▶ **Work request**:
Everything in the data below is left aside except the lines from the one containing "A room with" through the one containing "A woman holding"; repeat those exactly.

▶ **Data**:
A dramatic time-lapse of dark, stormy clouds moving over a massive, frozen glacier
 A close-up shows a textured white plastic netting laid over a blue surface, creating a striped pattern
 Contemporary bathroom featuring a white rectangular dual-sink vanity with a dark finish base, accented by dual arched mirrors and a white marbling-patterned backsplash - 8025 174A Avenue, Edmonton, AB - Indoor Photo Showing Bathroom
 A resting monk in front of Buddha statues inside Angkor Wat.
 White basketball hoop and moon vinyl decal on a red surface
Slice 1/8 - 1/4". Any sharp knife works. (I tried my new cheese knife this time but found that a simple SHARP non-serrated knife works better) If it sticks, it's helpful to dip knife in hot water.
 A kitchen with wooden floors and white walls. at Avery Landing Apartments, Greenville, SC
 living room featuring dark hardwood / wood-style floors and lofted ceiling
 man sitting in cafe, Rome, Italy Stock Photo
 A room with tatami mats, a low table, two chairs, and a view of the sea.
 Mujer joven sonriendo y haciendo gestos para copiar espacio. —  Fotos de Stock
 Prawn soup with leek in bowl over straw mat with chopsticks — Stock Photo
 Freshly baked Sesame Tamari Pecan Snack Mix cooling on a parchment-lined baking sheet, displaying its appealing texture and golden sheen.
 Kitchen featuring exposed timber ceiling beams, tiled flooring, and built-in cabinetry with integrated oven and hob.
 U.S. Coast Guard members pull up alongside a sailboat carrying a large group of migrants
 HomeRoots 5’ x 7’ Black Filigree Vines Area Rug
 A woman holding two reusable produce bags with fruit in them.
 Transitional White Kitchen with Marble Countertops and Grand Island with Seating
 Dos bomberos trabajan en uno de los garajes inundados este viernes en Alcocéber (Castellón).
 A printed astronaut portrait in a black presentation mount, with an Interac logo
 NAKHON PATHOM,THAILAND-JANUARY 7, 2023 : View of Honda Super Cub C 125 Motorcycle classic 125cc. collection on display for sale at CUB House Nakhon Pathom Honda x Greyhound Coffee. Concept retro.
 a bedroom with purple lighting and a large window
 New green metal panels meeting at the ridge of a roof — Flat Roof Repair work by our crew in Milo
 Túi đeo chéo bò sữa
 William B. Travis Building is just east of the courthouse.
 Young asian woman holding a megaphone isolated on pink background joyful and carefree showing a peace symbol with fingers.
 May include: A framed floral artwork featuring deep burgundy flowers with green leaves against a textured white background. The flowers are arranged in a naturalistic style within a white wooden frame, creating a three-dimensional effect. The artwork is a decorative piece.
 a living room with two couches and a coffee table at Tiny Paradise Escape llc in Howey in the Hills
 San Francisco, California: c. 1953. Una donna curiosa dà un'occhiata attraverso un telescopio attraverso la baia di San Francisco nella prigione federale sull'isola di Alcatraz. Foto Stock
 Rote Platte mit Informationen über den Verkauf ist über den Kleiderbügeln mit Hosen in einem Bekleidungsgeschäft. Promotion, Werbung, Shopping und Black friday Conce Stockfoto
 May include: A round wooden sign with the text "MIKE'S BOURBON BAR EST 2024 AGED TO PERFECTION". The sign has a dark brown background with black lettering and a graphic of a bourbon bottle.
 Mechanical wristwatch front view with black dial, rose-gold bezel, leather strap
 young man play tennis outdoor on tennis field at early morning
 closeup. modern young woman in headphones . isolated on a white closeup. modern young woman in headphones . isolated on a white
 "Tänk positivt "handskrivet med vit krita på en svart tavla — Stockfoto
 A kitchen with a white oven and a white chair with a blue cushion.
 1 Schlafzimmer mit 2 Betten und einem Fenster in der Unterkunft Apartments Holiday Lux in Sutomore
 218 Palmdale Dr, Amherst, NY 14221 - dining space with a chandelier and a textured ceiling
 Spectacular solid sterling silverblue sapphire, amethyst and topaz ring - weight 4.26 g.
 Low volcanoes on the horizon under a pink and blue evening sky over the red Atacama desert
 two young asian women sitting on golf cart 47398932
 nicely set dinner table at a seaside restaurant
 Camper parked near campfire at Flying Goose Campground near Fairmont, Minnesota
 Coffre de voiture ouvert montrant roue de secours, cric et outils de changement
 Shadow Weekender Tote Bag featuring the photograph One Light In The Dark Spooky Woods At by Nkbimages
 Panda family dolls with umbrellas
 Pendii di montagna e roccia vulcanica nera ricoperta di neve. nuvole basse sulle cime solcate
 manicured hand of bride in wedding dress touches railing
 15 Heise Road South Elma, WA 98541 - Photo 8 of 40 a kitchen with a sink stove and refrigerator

▶ **Task output**:
 A room with tatami mats, a low table, two chairs, and a view of the sea.
 Mujer joven sonriendo y haciendo gestos para copiar espacio. —  Fotos de Stock
 Prawn soup with leek in bowl over straw mat with chopsticks — Stock Photo
 Freshly baked Sesame Tamari Pecan Snack Mix cooling on a parchment-lined baking sheet, displaying its appealing texture and golden sheen.
 Kitchen featuring exposed timber ceiling beams, tiled flooring, and built-in cabinetry with integrated oven and hob.
 U.S. Coast Guard members pull up alongside a sailboat carrying a large group of migrants
 HomeRoots 5’ x 7’ Black Filigree Vines Area Rug
 A woman holding two reusable produce bags with fruit in them.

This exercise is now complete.